Fortes de cette découverte, les jumelles Díaz reviennent aujourd’hui avec un nouvel album : Ash. Si ce dernier, également produit par Richard Russell (fondateur du label XL Recordings, sur lequel elles sont signées), présente le même ADN qu’Ibeyi, grâce notamment à la présence de nombreux chants yoruba, il se veut radicalement différent. Car contrairement à leur premier long format, au-dessus duquel planait l’ombre de leur père défunt et de leur grande sœur Yanira, décédée des suites d’un anévrisme en 2013, ce nouveau disque ouvre une porte vers l’avenir, en proposant une atmosphère plus enjouée et lumineuse. Un nouvel élan confirmé par Lisa-Kaindé :
“Ash est un album du présent. Il exprime la façon dont on se sent aujourd’hui, ainsi que notre vision du monde actuel, en abordant des sujets qu’on avait en nous depuis des années, mais qui n’étaient pas encore sortis. On avait envie de devenir actives, car je pense qu’on a été passives sur beaucoup de sujets, tout simplement parce que ce n’était pas encore notre moment. Aujourd’hui, c’est le bon moment.”
Du désir de transmettre
Outre la forme, Ash diffère donc également sur le fond, en portant un discours davantage engagé, permis par une maturité nouvellement trouvée. À l’heure où les libertés individuelles sont de plus en plus bafouées, notamment aux États-Unis (un pays qu’elles ont beaucoup parcouru), cet album propose de célébrer la liberté des êtres – et tout particulièrement celle des femmes.
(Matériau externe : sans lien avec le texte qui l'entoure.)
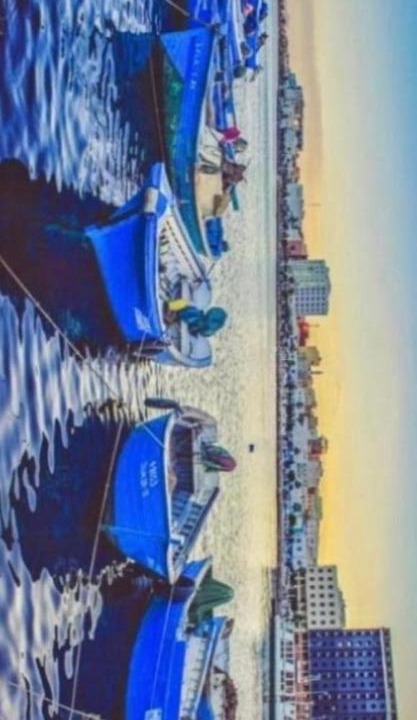 Photo of Others in Nador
La cinquième piste du disque, “No Man is Big Enough For My Arms”, reprend ainsi les paroles du titre “Let No Man Put Asunder” du groupe de soul américain First Choice, ainsi qu’un discours puissant prononcé par l’ancienne Première Dame Michelle Obama en 2015.
Sur “Me Voy”, on peut entendre scander la rappeuse espagnole Mala Rodriguez, tandis que sur “Transmission/Michaelion” résonne la voix de l’artiste Meshell Ndegeocello, ainsi que des extraits tirés de Citizen: An American Lyric, livre audio de l’essayiste et poétesse afro-américaine Claudia Rankine, et de The Diary of Frida Khalo, ici lus par leur mère, Maya Dagnino. “On avait envie de célébrer les femmes qu’on aime, mais aussi les femmes en général – celles que l’on croise dans la vie de tous les jours”, précise Lisa-Kaindé.
Puissante, “Transmission/Michaelion” s’avère être la pièce centrale de Ash, son cœur rayonnant. Plus que n’importe quel autre morceau jusqu’ici dévoilé par les jeunes artistes, cette chanson cristallise leur désir profond et primordial de transmettre leur histoire, leur culture, et leur vision sur la société qui les entoure – perpétuant ainsi la tradition orale de leur île natale. “On avait envie de transmettre aux gens la manière dont on voit le monde, décrypte Lisa-Kaindé. On ne veut pas prêcher la bonne parole, on ne se sent pas investi d’une mission ; mais par contre, on a envie de partager ce qu’on ressent, de transmettre ça aux gens.” Après quelques secondes de réflexion, la jeune femme, dont les yeux noisette sont levés vers le ciel, conclut avec ce ton si solennel qui la caractérise :
“Finalement, notre musique est basée sur le même procédé que celle de notre père. Il avait l’habitude de mélanger des genres de musique extrêmement différentes, dans le but de créer ce qu’il sentait être sa musique. Et nous, de façon inconsciente, on a fait exactement la même chose. Inconsciemment, on a emmagasiné tout ce qu’on aime, ça a macéré en nous, et on l’a recraché de façon très personnelle. Voilà ce que notre père nous a transmis : un amour pour la musique, pour les musiciens… un amour pour son métier. C’est aussi cela que l’on souhaite transmettre aujourd’hui.”
L’album Ash d’Ibeyi est disponible depuis le 29 septembre.